= Description of the task =
The lines to repeat are those below from the one containing "Hazenkampseweg, Nijmegen" down to the one containing "Three Pole Breaker", both included; reproduce them exactly and nothing else.

= Study material =
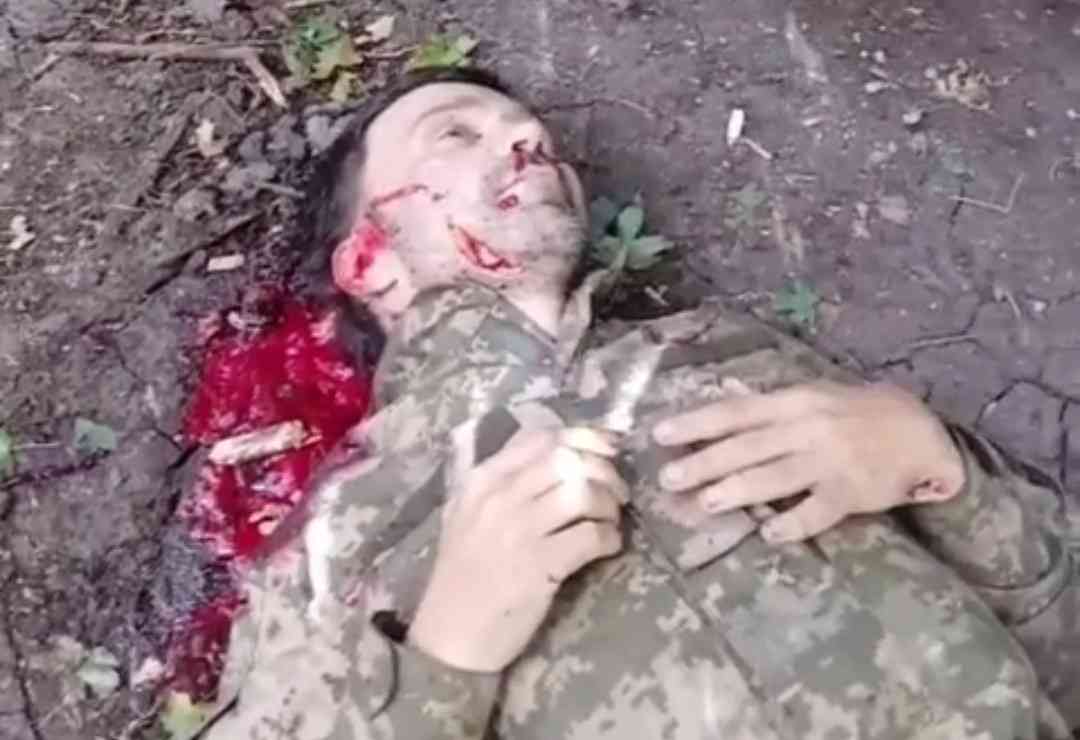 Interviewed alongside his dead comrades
* * *
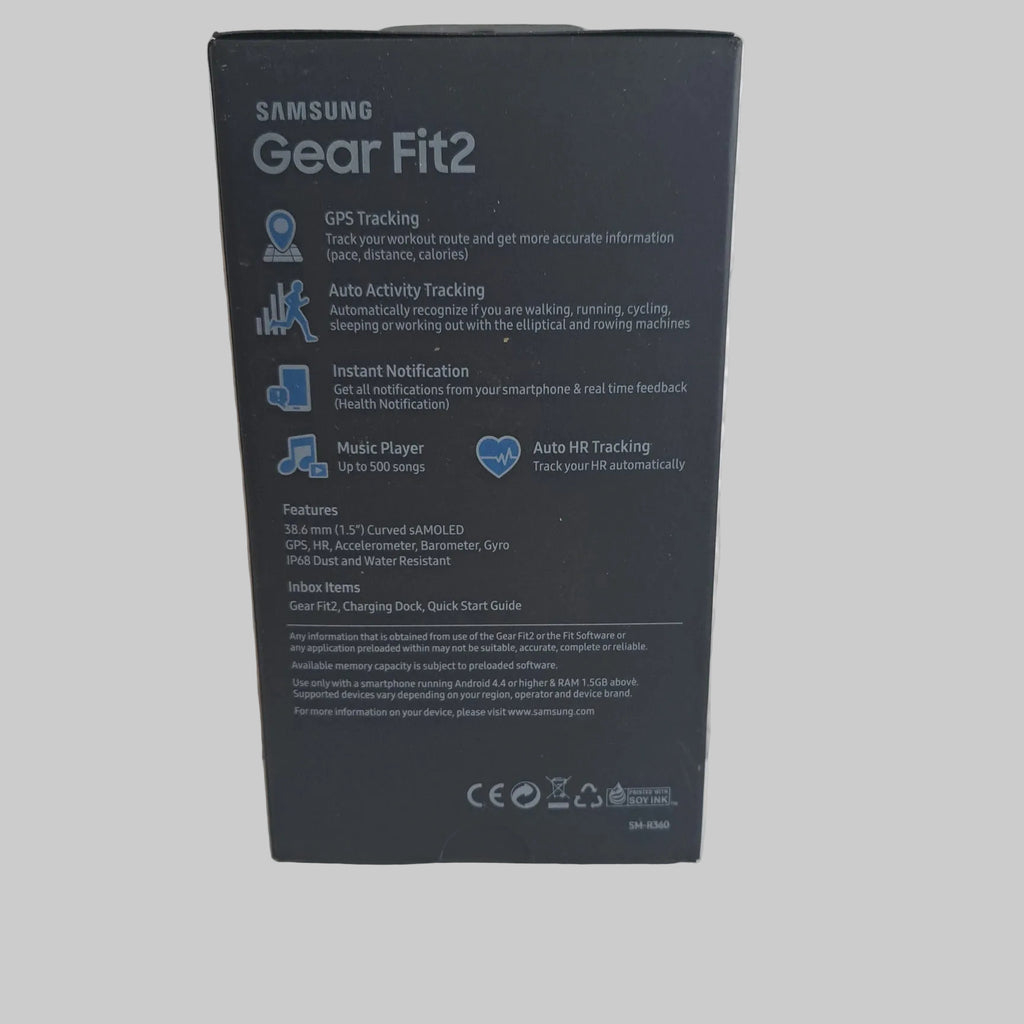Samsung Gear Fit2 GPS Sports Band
---
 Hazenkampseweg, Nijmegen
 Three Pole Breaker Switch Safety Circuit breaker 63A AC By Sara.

= Answer space =
 Hazenkampseweg, Nijmegen
 Three Pole Breaker Switch Safety Circuit breaker 63A AC By Sara.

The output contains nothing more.